Adjusted EBITDA is reported EBITDA recast to reflect what the business sustainably earns under normal ownership. It starts from EBITDA and applies a set of adjustments — add-backs for costs that won't recur, and deductions for costs the business has been under-spending on — to arrive at a normalized run-rate figure.
The purpose is to strip out distortions that don't reflect ongoing operations: a one-time legal settlement, the founder's above-market salary, severance from a restructuring, transaction fees, a discontinued product line. A buyer doesn't want to pay a multiple on earnings that were depressed or inflated by items they'll never see again.
Because private companies are typically priced as a multiple of adjusted EBITDA, this is frequently the single most negotiated number in a deal. Unlike statutory EBITDA, adjusted EBITDA is not defined by accounting standards — every adjustment is a judgment call, and each one is contested by the other side of the table.
How adjusted EBITDA is built
The construction runs through a bridge from reported earnings to a defensible run-rate.
- Start from EBITDA. Operating income plus depreciation and amortization, before any normalization.
- Add back non-recurring items. Genuinely one-time costs — litigation, restructuring, transaction expenses — that won't repeat under the new owner.
- Normalize owner-specific items. Adjust above- or below-market owner compensation, related-party rent, and personal expenses run through the business to an arm's-length level.
- Apply pro-forma and run-rate effects. The annualized impact of recent price changes, contract wins or losses, and acquisitions, so the figure reflects the go-forward business.

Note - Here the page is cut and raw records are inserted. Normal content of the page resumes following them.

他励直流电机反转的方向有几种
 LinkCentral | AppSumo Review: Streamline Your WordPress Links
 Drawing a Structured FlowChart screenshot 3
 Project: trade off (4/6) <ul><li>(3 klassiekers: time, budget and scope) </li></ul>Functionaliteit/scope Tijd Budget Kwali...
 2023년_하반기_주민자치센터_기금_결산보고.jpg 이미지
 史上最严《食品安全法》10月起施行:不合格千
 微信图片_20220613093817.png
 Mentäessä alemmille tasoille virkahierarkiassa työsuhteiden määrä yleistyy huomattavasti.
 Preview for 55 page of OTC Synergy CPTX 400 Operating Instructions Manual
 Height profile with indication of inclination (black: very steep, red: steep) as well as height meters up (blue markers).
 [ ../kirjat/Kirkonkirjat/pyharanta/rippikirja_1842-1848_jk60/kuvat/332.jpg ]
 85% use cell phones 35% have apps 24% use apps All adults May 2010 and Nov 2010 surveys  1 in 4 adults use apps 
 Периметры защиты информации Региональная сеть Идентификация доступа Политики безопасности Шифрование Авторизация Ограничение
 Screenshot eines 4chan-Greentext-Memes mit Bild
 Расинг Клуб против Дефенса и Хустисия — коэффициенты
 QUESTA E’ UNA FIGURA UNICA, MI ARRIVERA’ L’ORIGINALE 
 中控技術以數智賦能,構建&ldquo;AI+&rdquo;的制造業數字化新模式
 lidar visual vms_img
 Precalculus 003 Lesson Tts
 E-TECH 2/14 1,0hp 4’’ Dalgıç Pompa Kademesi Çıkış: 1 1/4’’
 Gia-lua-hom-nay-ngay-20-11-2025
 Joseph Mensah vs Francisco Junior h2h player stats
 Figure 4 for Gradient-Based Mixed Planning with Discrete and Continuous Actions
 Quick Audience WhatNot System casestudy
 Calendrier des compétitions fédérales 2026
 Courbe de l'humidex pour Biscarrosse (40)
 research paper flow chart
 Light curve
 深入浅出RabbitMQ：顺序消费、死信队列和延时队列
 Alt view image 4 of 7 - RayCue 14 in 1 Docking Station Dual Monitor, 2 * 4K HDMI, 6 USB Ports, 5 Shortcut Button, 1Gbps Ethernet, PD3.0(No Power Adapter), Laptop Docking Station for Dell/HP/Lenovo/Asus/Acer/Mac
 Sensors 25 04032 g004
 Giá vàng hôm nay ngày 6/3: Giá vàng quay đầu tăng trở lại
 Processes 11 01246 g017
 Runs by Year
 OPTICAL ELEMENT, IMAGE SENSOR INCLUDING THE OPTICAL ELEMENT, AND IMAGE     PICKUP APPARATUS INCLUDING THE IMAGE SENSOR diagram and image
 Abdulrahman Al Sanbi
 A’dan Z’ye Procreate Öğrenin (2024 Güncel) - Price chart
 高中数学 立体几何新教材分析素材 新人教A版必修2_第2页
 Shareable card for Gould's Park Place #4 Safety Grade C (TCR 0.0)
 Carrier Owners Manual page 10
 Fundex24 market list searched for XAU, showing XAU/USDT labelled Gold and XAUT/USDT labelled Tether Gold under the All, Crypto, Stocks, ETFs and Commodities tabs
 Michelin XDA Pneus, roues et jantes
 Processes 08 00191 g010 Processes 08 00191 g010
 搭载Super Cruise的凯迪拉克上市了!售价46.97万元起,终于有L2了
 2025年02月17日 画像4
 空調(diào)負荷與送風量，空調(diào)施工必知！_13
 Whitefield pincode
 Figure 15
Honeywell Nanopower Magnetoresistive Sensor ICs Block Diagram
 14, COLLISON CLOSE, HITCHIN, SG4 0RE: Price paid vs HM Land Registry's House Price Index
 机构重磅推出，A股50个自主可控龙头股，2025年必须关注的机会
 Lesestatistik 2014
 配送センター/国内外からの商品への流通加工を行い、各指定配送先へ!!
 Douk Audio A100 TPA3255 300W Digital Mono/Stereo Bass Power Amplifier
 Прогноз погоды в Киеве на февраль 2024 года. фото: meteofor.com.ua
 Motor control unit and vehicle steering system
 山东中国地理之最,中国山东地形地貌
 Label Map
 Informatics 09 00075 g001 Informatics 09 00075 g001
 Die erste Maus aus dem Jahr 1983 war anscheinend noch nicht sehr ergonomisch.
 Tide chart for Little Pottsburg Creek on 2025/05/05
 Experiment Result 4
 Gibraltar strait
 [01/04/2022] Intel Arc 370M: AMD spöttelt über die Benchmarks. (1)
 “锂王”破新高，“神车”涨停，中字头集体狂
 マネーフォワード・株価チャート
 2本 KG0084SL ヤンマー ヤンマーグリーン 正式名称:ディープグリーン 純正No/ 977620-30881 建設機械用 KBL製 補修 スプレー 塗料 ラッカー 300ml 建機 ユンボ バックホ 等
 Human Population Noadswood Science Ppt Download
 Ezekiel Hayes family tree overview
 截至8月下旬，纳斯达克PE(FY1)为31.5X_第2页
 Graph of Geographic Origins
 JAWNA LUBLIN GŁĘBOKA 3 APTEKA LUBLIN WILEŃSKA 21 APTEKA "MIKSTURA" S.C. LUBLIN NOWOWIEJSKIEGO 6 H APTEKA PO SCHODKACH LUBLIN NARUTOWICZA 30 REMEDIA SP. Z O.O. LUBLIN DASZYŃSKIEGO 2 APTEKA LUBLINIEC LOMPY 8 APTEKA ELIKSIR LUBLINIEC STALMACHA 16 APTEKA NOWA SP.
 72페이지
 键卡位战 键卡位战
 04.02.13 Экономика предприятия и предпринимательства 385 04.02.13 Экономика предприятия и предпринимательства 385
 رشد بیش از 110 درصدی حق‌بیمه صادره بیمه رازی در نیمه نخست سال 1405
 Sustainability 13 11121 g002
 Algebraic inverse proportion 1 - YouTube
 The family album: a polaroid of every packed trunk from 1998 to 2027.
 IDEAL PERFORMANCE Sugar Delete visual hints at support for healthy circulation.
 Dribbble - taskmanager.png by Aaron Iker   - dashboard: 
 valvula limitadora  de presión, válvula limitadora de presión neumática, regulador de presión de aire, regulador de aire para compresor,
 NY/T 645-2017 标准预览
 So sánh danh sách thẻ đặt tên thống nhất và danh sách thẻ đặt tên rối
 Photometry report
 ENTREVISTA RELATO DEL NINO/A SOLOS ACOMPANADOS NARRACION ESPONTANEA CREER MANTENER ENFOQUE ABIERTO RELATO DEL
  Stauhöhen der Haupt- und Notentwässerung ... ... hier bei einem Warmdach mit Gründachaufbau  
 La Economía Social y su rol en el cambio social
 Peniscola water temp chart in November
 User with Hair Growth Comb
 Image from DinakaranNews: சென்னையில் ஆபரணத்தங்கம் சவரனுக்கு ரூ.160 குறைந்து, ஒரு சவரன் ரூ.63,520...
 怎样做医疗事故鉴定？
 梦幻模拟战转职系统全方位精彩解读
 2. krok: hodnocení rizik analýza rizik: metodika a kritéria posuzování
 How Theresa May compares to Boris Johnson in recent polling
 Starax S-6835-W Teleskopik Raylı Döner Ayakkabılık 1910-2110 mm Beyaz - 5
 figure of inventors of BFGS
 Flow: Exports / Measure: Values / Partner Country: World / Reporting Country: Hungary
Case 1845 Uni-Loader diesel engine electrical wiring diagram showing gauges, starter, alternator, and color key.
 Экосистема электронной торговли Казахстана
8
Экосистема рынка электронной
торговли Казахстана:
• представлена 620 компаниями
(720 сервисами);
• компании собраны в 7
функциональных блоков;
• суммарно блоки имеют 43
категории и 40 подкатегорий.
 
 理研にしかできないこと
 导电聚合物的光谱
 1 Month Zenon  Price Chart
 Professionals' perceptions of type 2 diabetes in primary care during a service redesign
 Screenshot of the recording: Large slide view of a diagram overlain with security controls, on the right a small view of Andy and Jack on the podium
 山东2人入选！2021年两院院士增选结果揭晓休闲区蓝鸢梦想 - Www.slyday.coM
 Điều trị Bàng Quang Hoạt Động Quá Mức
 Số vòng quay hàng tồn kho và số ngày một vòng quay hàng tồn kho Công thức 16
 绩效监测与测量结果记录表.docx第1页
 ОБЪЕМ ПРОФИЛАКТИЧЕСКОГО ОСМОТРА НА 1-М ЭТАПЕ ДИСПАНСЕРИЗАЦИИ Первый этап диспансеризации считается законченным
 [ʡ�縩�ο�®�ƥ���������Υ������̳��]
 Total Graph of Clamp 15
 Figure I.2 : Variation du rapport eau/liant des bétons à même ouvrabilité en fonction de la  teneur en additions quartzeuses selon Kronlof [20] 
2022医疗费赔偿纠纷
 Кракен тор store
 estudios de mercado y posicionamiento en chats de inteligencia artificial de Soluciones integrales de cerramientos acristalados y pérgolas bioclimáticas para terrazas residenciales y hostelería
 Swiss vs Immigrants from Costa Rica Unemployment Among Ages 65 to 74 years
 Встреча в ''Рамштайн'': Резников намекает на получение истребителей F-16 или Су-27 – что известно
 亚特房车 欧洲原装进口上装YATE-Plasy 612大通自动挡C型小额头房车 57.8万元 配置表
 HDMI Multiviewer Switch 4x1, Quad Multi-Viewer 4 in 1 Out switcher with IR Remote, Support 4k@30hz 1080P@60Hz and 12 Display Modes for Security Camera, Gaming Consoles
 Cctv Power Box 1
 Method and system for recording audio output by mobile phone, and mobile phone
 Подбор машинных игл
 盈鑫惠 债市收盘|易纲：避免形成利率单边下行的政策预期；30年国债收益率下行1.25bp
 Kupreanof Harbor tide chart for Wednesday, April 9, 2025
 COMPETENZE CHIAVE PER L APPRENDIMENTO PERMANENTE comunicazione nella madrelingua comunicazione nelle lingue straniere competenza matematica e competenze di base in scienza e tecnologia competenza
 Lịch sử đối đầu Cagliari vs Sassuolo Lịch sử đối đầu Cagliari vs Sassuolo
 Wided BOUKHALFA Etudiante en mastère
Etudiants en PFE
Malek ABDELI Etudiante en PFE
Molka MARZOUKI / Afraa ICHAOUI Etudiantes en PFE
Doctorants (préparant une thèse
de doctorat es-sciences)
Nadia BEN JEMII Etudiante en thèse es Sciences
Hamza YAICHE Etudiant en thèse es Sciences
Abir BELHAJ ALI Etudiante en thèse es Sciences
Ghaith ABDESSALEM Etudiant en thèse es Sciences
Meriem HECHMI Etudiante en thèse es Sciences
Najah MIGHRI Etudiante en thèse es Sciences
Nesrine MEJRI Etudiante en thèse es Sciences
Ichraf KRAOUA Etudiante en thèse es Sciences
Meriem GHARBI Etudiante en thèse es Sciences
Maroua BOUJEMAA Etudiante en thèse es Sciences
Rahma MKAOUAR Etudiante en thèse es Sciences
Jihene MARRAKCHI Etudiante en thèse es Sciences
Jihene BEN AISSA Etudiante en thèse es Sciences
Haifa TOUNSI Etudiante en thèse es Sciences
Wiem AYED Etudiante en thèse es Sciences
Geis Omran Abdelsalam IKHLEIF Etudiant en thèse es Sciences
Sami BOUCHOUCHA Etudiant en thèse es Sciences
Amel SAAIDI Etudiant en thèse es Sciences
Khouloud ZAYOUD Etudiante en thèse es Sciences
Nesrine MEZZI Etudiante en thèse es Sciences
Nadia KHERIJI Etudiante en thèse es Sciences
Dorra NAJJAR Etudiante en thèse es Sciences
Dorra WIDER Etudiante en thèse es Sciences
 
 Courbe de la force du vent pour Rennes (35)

- Subtract understated costs. Add back the cost of investments the company has deferred — the deductions that a rigorous analysis insists on, not just the favorable add-backs.
Where adjusted EBITDA gets abused
Because there is no rulebook, adjusted EBITDA is the easiest figure in a deal to inflate. Sellers have an incentive to classify recurring costs as "one-time," to add back aggressive synergies, or to annualize the best quarter rather than a representative period.
This is precisely why buyers commission a quality-of-earnings study to test each add-back line by line. A credible adjusted EBITDA is one where every adjustment can be defended with evidence — and where the deductions for under-spending are taken as seriously as the add-backs. The gap between a seller's adjusted EBITDA and a buyer's is often where the price negotiation actually happens.